If you boot your computer from an IDE/ATA drive or a SCSI drive from a SCSI controller that supports its own BIOS, you won't see the ntbootdd.sys file on your computer. However, if you are loading Windows XP from a SCSI drive on a controller that does not have its own BIOS, ntbootdd.sys appears on the root of the drive that has ntldr on it. ntbootdd.sys is the SCSI driver for your SCSI controller, but it has been renamed from the driver's actual name to ntbootdd.sys.
The boot.ini file is a text file on the root of your system partition that lists the OSes that are available to boot. It contains the default timeout value for the boot menu to be displayed, and where ntldr can find each copy of the OS. Upon looking at the boot.ini for the first time, you may be confused by the strange notation used to donate locations (this notation is called an ARC pathname and it is discussed in the next section).
Listing-1 shows what a sample boot.ini file would look like.Listing-1: A Sample boot.ini File
[boot loader] timeout=10 default= multi(0)disk(0)rdisk(0)partition(3)\WINDOWS [operating systems] C:\="Microsoft Windows 98" multi(0)disk(0)rdisk(0)partition(3)\WINDOWS="Windows XP" multi(0)disk(0)rdisk(0)partition(4)\WINNT="Windows 2000" multi(0)disk(0)rdisk(0)partition(4)\WINNT="Win 2K Error"/SOS multi(0)disk(0)rdisk(0)partition(2)\WINNT="Windows NT 4.0"
The first section in the boot.ini file is the [boot loader] section.

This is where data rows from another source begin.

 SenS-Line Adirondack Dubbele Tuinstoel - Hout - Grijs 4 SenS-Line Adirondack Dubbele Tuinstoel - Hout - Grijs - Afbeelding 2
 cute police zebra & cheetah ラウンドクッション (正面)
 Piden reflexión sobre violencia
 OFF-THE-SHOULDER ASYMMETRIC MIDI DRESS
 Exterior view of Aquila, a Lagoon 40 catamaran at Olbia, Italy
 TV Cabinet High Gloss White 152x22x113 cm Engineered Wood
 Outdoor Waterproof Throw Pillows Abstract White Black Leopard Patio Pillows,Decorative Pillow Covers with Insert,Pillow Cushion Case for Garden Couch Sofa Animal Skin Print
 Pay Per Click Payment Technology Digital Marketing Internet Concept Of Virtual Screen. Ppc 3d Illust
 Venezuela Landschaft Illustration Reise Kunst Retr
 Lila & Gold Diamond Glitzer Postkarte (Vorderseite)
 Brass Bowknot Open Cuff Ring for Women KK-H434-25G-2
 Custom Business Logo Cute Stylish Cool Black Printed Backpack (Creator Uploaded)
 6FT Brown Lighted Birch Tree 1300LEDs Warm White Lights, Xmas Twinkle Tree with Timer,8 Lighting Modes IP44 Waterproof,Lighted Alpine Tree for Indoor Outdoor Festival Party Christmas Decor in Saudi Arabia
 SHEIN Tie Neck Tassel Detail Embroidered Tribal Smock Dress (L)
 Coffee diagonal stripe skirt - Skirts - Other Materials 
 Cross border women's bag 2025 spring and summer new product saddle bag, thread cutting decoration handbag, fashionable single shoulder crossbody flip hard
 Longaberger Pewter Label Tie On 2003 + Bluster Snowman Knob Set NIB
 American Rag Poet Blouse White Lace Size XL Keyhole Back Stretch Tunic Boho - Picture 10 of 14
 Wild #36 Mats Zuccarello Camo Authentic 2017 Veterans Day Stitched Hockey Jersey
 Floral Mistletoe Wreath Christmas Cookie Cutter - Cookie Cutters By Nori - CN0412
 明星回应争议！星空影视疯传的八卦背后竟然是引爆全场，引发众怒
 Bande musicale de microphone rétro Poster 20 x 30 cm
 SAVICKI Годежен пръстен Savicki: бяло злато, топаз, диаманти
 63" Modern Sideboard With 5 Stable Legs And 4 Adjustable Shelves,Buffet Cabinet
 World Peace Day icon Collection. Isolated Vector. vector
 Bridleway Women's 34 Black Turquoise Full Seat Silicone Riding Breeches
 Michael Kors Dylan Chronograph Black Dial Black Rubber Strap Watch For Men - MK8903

It lists the timeout value, the number of seconds to display the boot menu, and the default OS to boot. The default OS is located in the OS listing in the file. The first OS in the list with a matching path is loaded by ntldr.
In this code listing, the [operating systems] section lists all of the OSes that boot.ini knows about on the system. This section would be built and added to as you install multiple copies of Windows XP-based OSes on a system. (You may have multiple versions of an OS installed if this is a testing or development system.) The sample boot.ini file above also has two entries that refer to the same path (partition 4). The difference between them is the application of the SOS switch at the end of the second line. The description strings that are used in this section are the display text for the boot menu, but they have no effect on the boot process of the OS.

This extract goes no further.